Tilly's Inc., which entered the Chicago, Minneapolis and Atlanta markets in the second quarter, is accelerating its store expansion plans.


The So Cal-based action sports retailer said it now plans to open 28, rather than 25 new stores this year, because new stores are exceeding expectations of a 1.5-year payback. The company, which expects to be operating 500 stores by 2022, affirmed its 2013 forecast of square footage growth in the mid-teens.


“As a group, the new stores opened in the first quarter and in the second quarter are performing well above our expectations,” said Daniel Griesemer, Tilly's president and CEO.


TLYS reported total net sales increased 20.4 percent in the second quarter ended July 28 to $105.1 million. The growth came from 24 new stores and 5.1 percent growth in comp store sales, including a 22 percent increase in e-commerce sales, which reached $9.8 million, or 9.3 percent of net sales.

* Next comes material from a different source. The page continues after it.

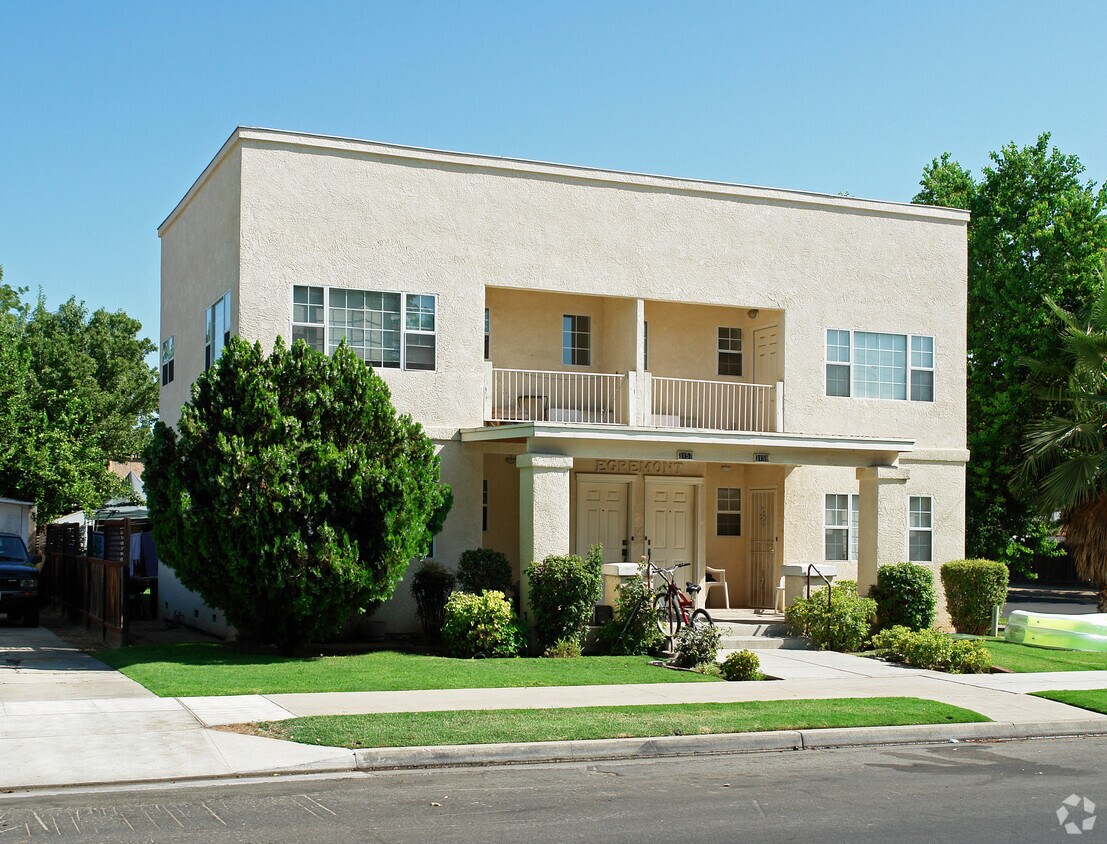 Primary Photo - 3157-3163 E Mono Ave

Comps growth was driven by higher average transaction size on flat transaction volume across all geographies and categories.


Gross margin increased 10 basis points (b.p.) to 29.6 percent compared with the second quarter of fiscal 2011 as increased sales more than offset a 30 b.p. decline in merchandise margins. SG&A costs reached 32.8 percent of revenue, up 740 basis points due to charges taken for the company’s initial public offering (IPO).


On a GAAP basis, operating loss was $3.3 million, including a one-time, non-cash charge to SG&A expense of $7.6 million, before tax, to recognize life to date compensation expense for stock options which was triggered by the company’s IPO. On a GAAP basis, net loss was $1.2 million, or 4 cents per share. This compares to net income of $3.5 million or 17 cents per diluted share based in the second quarter of fiscal 2011.


On an adjusted basis, excluding those charges, SG&A declined 60 basis points and contributed to a 70 b.p. expansion of adjusted operating margin.  Adjusted net income increased 49.3 percent to $2.6 million, or 9 cents per weighted average diluted share, compared to $1.7 million, or 9 cents in the second quarter of 2011.


TLYS expects comp store sales growth of 4 to 5 percent in the third quarter on top of an 8.5 percent gain seen in the third quarter of 2011. The company upped its earnings guidance for the full fiscal year to reflect the better than expected second quarter results, but executives declined to comment on August/back-to-school sales trends.


Tilly’s shares were trading near $19 Friday, up more than 20 percent from their price May 4, when they began trading on the New York Stock Exchange.